Where does patriarchy NOT perpetuate trauma might be a better question. It succeeds by self-replicating and continues by erasing our history, marginalizing women and many men, building strong walls around itself through sabotaging, defunding, and destroying people, institutions and social justice movements fighting the status quo to create a more balanced world. Patriarchy also perpetuates intergenerational trauma by, for example, insisting in some states that slavery and America’s systemic racism not be taught in schools!

In patriarchal religions, one is often taught that to get angry at or question G’d – or clergy – is unacceptable; it’s well-known this mindset has led to sexual and spiritual abuses. With Goddess at the helm, I feel invited to be relational, allowing for argument, questioning, thealogical discourse.

When men are viewed as god/s because “G’d is male” as Mary Daly said, patriarchy also perpetuates trauma by supporting abusive intimate relationships, frequently not prosecuting men, or awarding them minimal sentences that make mockery of their crimes.

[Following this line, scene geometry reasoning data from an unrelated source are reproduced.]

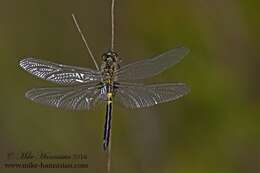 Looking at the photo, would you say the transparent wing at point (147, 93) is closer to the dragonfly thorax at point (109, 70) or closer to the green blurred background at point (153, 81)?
the dragonfly thorax at point (109, 70)

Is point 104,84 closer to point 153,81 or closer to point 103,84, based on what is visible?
point 103,84

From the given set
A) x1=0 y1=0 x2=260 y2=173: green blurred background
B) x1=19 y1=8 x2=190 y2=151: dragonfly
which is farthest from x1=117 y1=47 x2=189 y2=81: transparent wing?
x1=0 y1=0 x2=260 y2=173: green blurred background

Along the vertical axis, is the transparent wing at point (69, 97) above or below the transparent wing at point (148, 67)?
below

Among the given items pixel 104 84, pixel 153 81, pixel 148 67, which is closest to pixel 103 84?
pixel 104 84

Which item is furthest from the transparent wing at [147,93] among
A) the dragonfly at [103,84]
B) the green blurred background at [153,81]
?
the green blurred background at [153,81]

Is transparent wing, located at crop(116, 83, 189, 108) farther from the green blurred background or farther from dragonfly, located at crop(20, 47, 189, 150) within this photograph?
the green blurred background

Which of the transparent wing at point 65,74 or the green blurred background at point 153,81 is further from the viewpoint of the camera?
the green blurred background at point 153,81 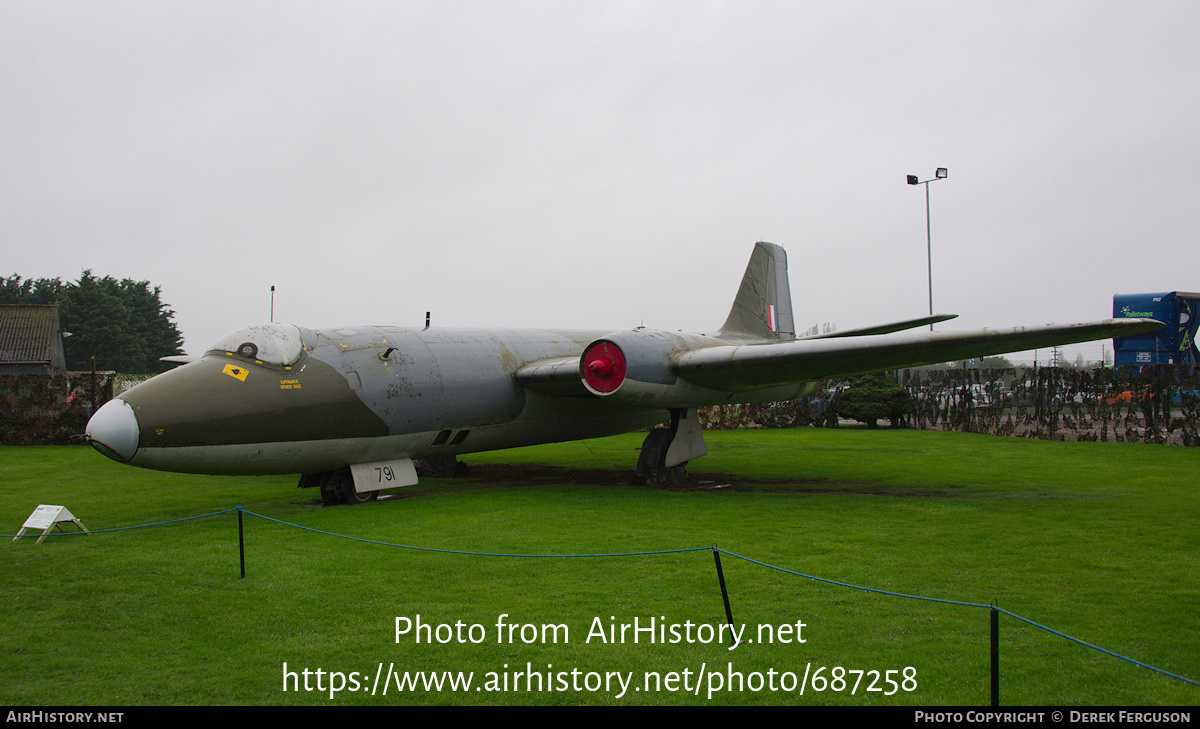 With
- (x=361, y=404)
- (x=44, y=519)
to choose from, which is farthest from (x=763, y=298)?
(x=44, y=519)

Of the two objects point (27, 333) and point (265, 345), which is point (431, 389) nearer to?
point (265, 345)

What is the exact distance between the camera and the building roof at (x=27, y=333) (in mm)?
31688

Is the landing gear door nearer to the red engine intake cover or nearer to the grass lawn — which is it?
the grass lawn

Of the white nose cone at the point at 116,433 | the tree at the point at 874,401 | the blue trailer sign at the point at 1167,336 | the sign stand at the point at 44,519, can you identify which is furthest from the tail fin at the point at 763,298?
the blue trailer sign at the point at 1167,336

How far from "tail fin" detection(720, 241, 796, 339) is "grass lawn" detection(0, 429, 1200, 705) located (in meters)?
6.15

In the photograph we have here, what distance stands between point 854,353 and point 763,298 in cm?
685

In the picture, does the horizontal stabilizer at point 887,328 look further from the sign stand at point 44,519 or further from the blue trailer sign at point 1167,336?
the blue trailer sign at point 1167,336

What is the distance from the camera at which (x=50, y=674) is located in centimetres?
455

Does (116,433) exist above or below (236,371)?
below

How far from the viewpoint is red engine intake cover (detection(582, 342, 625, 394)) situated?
1115 cm

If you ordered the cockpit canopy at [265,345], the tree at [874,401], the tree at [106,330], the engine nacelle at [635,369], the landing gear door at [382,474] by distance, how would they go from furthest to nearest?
the tree at [106,330] < the tree at [874,401] < the engine nacelle at [635,369] < the landing gear door at [382,474] < the cockpit canopy at [265,345]

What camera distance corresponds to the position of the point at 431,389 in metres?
10.9

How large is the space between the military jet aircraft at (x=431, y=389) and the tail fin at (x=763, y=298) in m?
3.32

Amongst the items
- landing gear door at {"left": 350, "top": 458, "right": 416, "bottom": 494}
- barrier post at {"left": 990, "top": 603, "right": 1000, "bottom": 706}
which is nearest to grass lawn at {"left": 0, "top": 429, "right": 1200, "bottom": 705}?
landing gear door at {"left": 350, "top": 458, "right": 416, "bottom": 494} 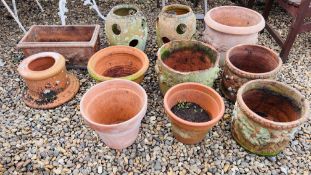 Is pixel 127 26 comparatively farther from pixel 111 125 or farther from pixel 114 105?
pixel 111 125

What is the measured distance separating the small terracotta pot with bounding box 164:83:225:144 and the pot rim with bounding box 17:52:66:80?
3.48ft

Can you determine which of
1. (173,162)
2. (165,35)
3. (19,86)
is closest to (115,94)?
(173,162)

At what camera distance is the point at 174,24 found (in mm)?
2750

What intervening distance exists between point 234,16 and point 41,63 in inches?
82.7

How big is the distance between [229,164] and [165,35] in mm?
1466

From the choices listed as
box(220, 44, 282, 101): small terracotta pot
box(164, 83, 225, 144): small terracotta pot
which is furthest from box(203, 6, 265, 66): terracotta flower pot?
box(164, 83, 225, 144): small terracotta pot

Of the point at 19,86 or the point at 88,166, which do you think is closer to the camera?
the point at 88,166

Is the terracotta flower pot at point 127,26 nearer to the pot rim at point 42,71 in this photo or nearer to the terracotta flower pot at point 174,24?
the terracotta flower pot at point 174,24

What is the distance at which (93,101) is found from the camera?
82.0 inches

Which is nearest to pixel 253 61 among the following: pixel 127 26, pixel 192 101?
pixel 192 101

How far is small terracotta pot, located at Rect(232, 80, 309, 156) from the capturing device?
1888mm

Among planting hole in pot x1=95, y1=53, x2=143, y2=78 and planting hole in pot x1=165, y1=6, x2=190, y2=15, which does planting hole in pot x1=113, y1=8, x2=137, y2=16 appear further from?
planting hole in pot x1=95, y1=53, x2=143, y2=78

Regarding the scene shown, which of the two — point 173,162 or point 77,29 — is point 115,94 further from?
point 77,29

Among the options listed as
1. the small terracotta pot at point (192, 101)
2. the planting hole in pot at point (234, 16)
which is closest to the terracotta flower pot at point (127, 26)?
the planting hole in pot at point (234, 16) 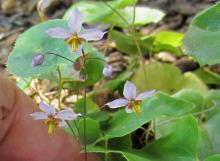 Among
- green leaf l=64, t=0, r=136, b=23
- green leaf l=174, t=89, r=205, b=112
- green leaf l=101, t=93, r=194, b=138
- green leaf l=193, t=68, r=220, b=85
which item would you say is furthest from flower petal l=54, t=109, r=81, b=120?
green leaf l=193, t=68, r=220, b=85

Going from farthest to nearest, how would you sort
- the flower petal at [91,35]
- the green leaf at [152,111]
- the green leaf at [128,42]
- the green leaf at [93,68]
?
1. the green leaf at [128,42]
2. the green leaf at [93,68]
3. the green leaf at [152,111]
4. the flower petal at [91,35]

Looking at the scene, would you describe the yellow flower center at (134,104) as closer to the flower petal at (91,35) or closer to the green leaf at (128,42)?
the flower petal at (91,35)

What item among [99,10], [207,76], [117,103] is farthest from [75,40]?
[207,76]

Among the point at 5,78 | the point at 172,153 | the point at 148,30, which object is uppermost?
the point at 148,30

Goddess Spirituality can give us many healing tools, including finding forgiveness and compassion for ourselves. It offers “thealogy as embodiment” as Carol Christ wrote. Both embodied and arts-based techniques are invaluable. When my colleagues Dianne Jenett, Judy Grahn and I co-directed a Women’s Spirituality MA program, we included a somatics-based course, Embodied Spirituality, and Art as Sacred Practice. Many students found these modalities to be healing. And certainly, finding a spirituality grounded in and by the Goddess has helped many heal from grief and move through major life transitions.

The very male-dominated system which creates and often supports traumatic situations – from rape to domestic violence and more – cannot possibly heal itself. “The master’s tools will never dismantle the master’s house,” poet and womanist/civil rights activist Audre Lorde pointed out. It’s up to us to end this damaging system NOW. As June Jordan and others have said, We are the ones we’ve been waiting for.